The <pads-blam> element isn’t especially useful for creating a melodic part like a bassline. Instead, I want something that controls the pitch of each sample’s playback. The <notes-blam> element does just that.
<notes-blam choke out="bus" notes="A1 A1 A1 C2 D2 D#2 E2 G1 A2">
<bank-blam>
<sample-blam src="{{site.basedir}}/static/sounds/bass/01.mp3" root="A1"></sample-blam>
<sample-blam src="{{site.basedir}}/static/sounds/bass/02.mp3" root="C#2"></sample-blam>
<sample-blam src="{{site.basedir}}/static/sounds/bass/03.mp3" root="E2"></sample-blam>
<sample-blam src="{{site.basedir}}/static/sounds/bass/04.mp3" root="A2"></sample-blam>
</bank-blam>
</notes-blam>
Each <sample-blam> element has a root property. This signifies the natural pitch/tuning of the sample itself. Without this, <notes-blam> cannot calculate pitch changes accurately.

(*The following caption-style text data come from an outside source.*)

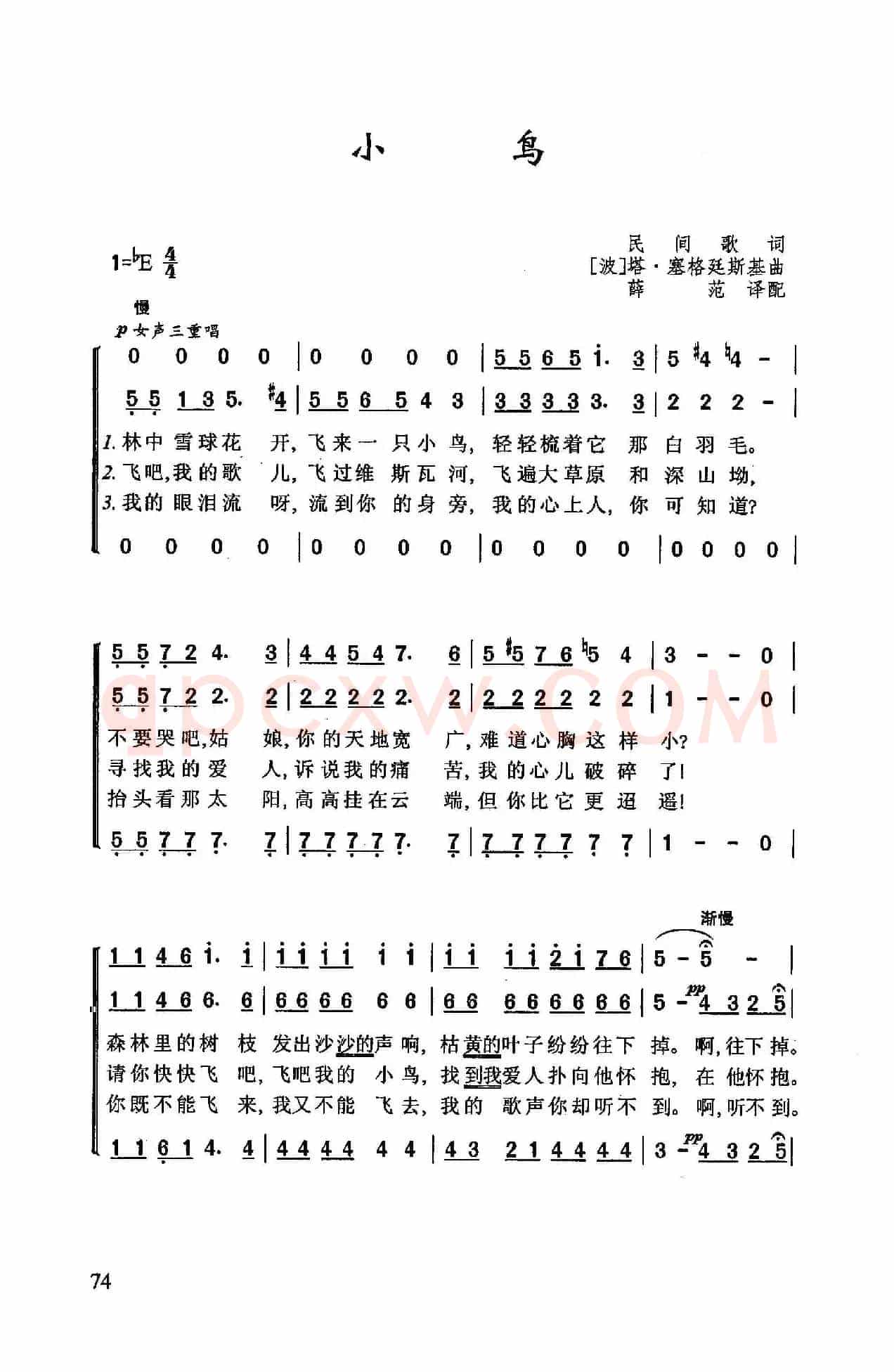 小鸟（[波] 塔·塞格廷斯基曲）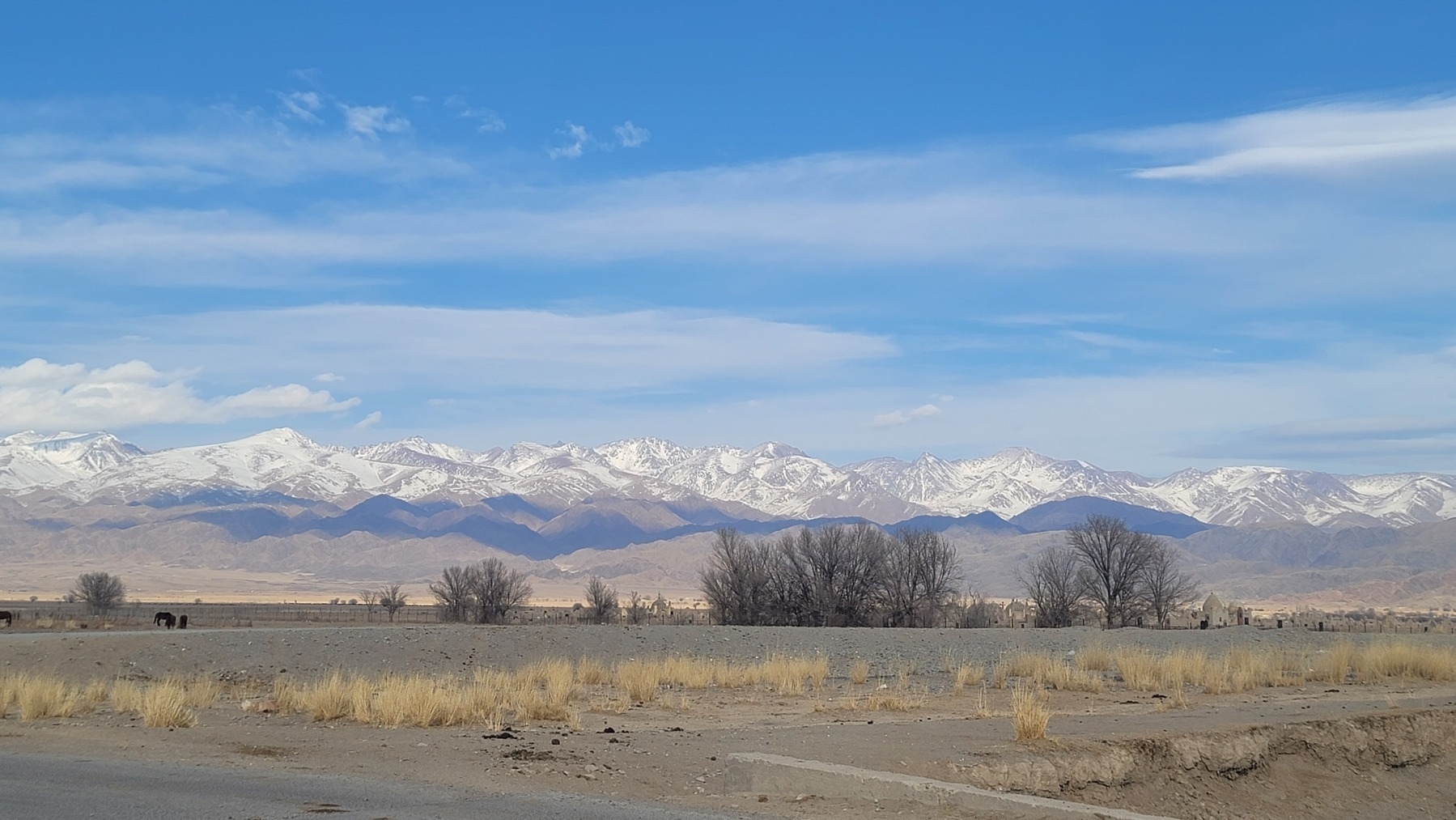 snow-capped mountains with long, dark shadows from thin overhead clouds streaking across; a few brown trees and yellow grass among a field of mostly dirt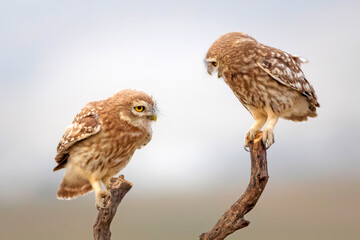 Little owls. Colorful nature background. Athene noctua.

<sample-blam src="{{site.basedir}}/static/sounds/bass/01.mp3" root="A1"></sample-blam>
I’ve supplied samples representing different notes only for tonal variety: the timbre of notes changes depending where they are played on the fretboard. Because <notes-blam> alters pitch and randomizes sample selection for each note played, even two of the same note played in succession will sound different. Just as they would when played live on a bass guitar.
The notes prop defines a set of allowed notes, which will be chosen at random. I’ve chosen some notes from the minor pentatonic scale, with an added tritone (D#2) for extra evil.
notes="A1 A1 A1 C2 D2 D#2 E2 G1 A2"
I’ve included three A1 notes in this array. Is this a copy/paste error? No. Since A1 is the root note, a human bass player would (re)visit it frequently. By biasing the notes array, the generative bassline becomes more realistic.